I wish that you could tell me how you know me well and want to be together.
Fallen short and faded out you keep making gardens in this desert
Despite the grace that I dismiss, forgiveness it the catalyst
To penetrate the heart with what is true.
It's beautiful.
You can turn mistakes to miracles.
The way that you still love me after all.
It's beautiful
Redeem the years I've thrown away
I'm ready to make good on what I've wasted
I'm asking you to shape my heart
I wanna be your work of art
Because when you change me and make me more like you
So help me God forbid
I never take for granted this endless give you gave.
It's beautiful




yup yup so yah. My smile is plaguing my face. For more then one reason.


this is my image. summerxstars.deviantart.com.
No sticky finers. 

Monday, June 14, 2010

Peace

Beneath the surface of the water, it is calm. A safe haven from the storms that rage above. It is always tempting to stay here and drift with the other broken pieces of my world. This might be a good way to die.
But what about the possibilities of this world coming back together again? So I surge upward with renewed hope. I grab at a happy memory to keep my afloat. The happiness of those times rushing to comfort me. But I look around and see all the debris and can't help losing hope. How can everything fit back together? I can't find the one reason to fight. It's getting harder and harder to see with the mist setting in. The confusion of why things aren't going right. Losing site of all that hope I let my head fall down to the memory in defeat. It can't even comfort me any longer.
What is the point? Everything is gone- There's nothing left in this world for me. I might as well slip from the memories and dive back down into the water. At least there, my world is at peace.

Sunday, June 6, 2010

Not sure


To many thoughts run through my head to even write down. I guess i'll try anyway.

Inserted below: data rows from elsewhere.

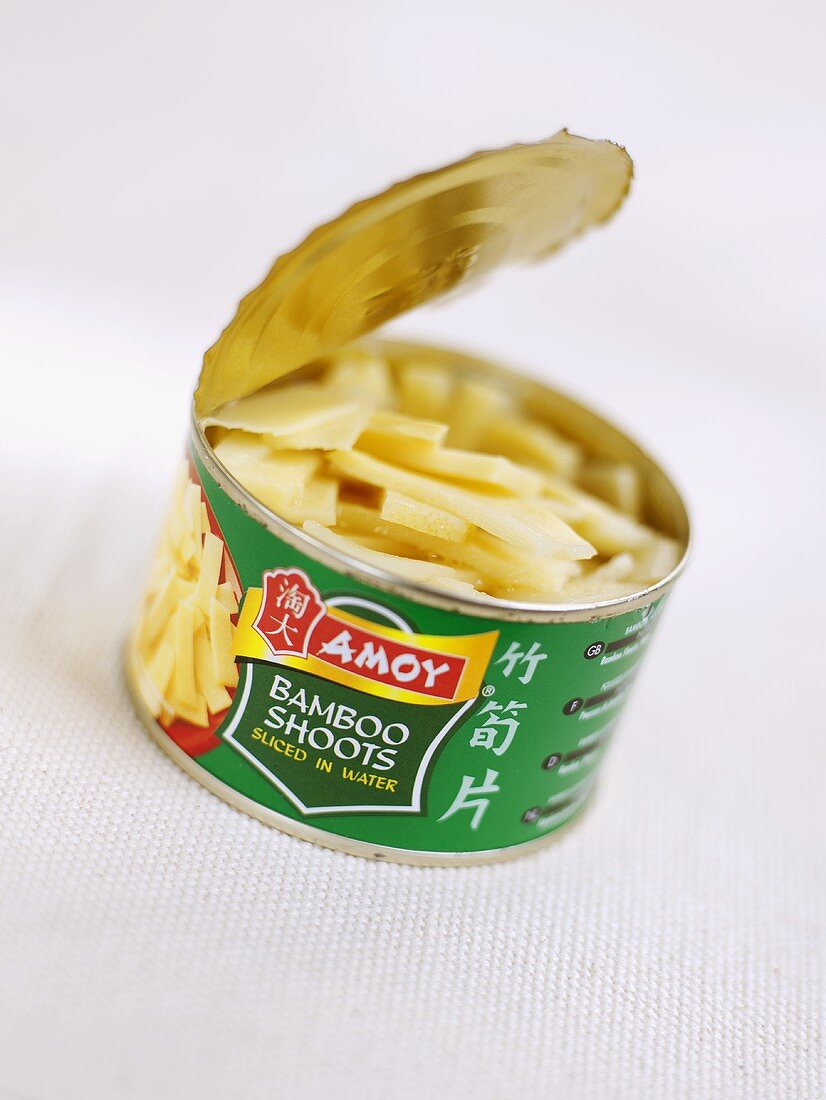 Bamboo shoots in an opened tin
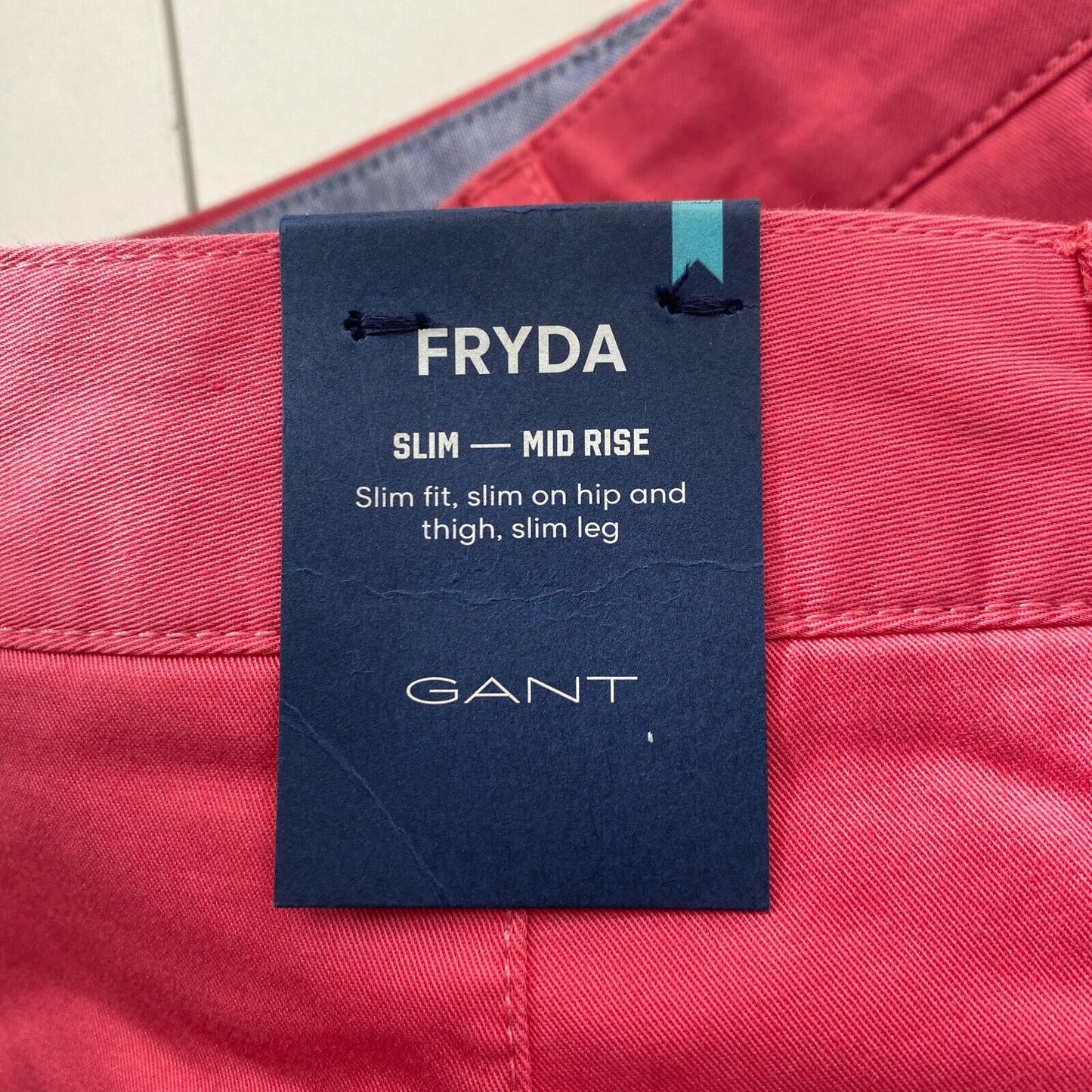 GANT Pink Classic Fryda Slim Fit Chino Pants Trousers Size EU 34 UK 6 US 4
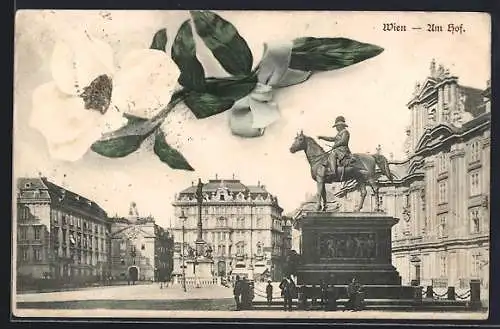 AK Wien, Am Hof, Denkmal mit Passanten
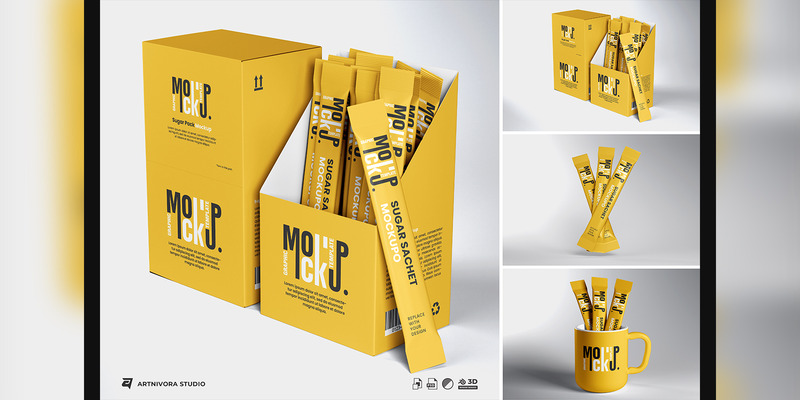Sugar Sachet Mockup Sets Design - Features Image 1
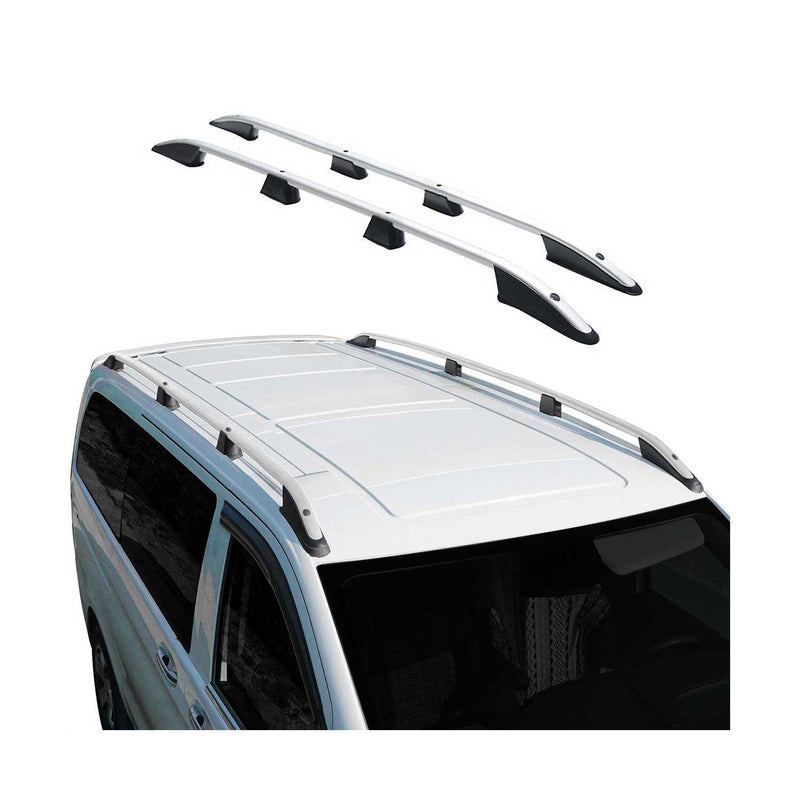 Barres de toit longitudinales pour VW Caddy 2003-2015 L2 Long Aluminium Gris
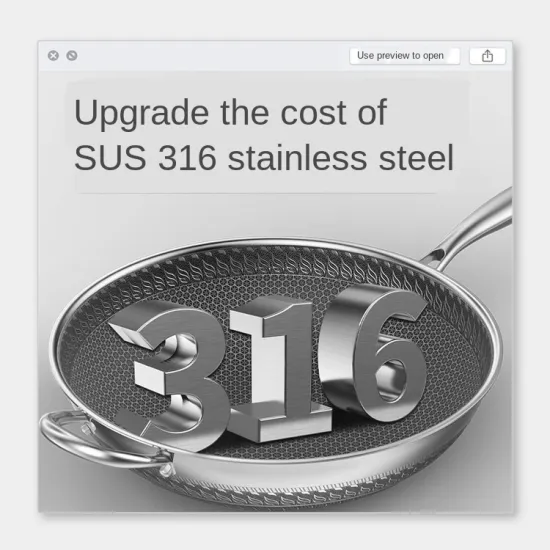 New 316 Stainless Steel Honeycomb Frying Pan Non Stick Without Oil Fume And Coating Kitchen Cookware Wok Pots And Pans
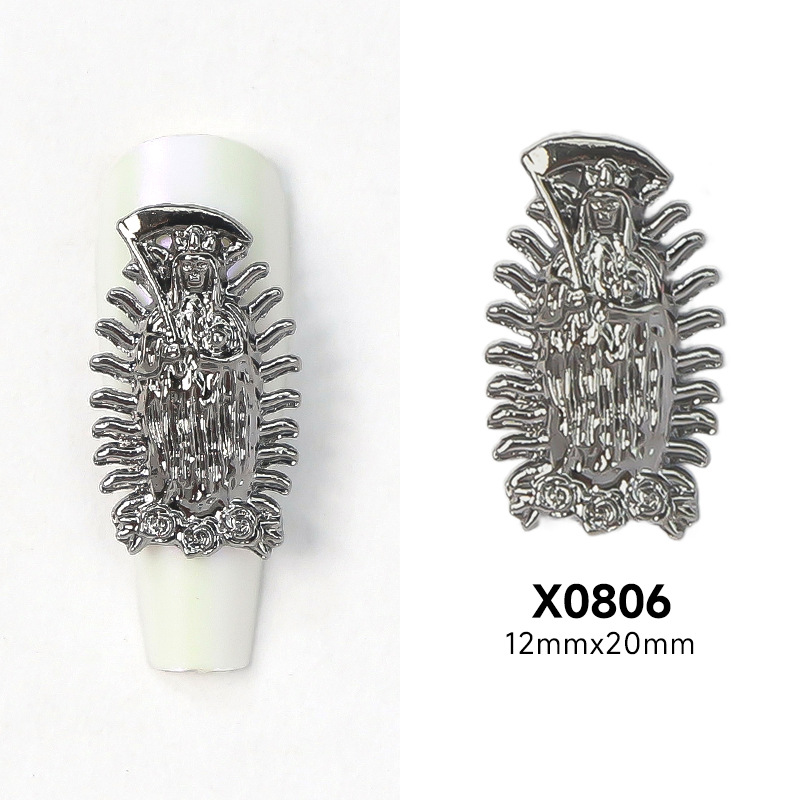 Nueva joyería de uñas de aleación de escorpión transfronteriza pistola de oro y plata pegatina de uñas negro tridimensional estatua de Buda joyería de uñas al por mayor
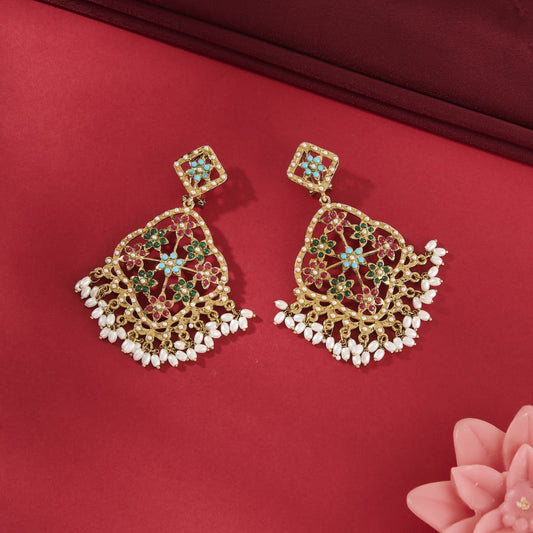 RIDDHI JADAU STYLE EARRINGS WITH GOLDEN POLISH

So school is over for 2 months. I cannot believe I made it through still alive. I have learned many many things this year, not including how to convert from atoms to moles or how to interpret the Illiad (love you ms ulmer). No, I've learned things about people and relationships. And unfortunately I've learned that I can't trust anyone. Because even your closest friends get tired of you at some point or another, right?
Now I notice that I cannot even be convinced to go anywhere or do anything. I have even stopped going to youth group. When did this happen!? I used to want to be a leader in my youth. A guidance to those who have no idea which way their lives are heading. And now, I need that guidance. It feels as if my faith has petered out and there is nothing leave. Oh yeah I still believe there is a God and that he loves me. There is no doubt in my mind about that, I'm just not sure what's going on. It seems like when I worship there's nothing there or when I pray I feel like I'm just wasting my breath. I can't plug into God. Why is this happening?
My relationship with my family is fading. I can't stand being around them for extended periods of time before I just shut myself in my room and don't come out for the rest of the day. My brothers dont listen to me when they take something of mine and dont give it back. Sure I laugh and smile about it and try to get it back, but when I say give it back, you better. Then when they dont listen and I forcefully take it away from them they start crying and shoot me with their airsoft guns. wtf? I mean seriously, if you can't handle it then just leave me the hell alone.

My relationships with my friends are also fading. I didn't have very many to begin with anyway. Now it feels like they are something of the past, and reality now is saying I have no one, and you just need to be by yourself.
People see me as being sad. I'm quiet and kinda seclude myself. It's not like I'm trying to be cool or anything, it's instinct. So that I don't get hurt anymore. Being in a school where I have next to no friends its part of my lifestyle. I sit in the classrooms, learn get good grades and thats about it. Being sick alot and out of the classroom also contributes to that.


There is so much more going on in my mind. But I guess I have wallowed in self pity enough.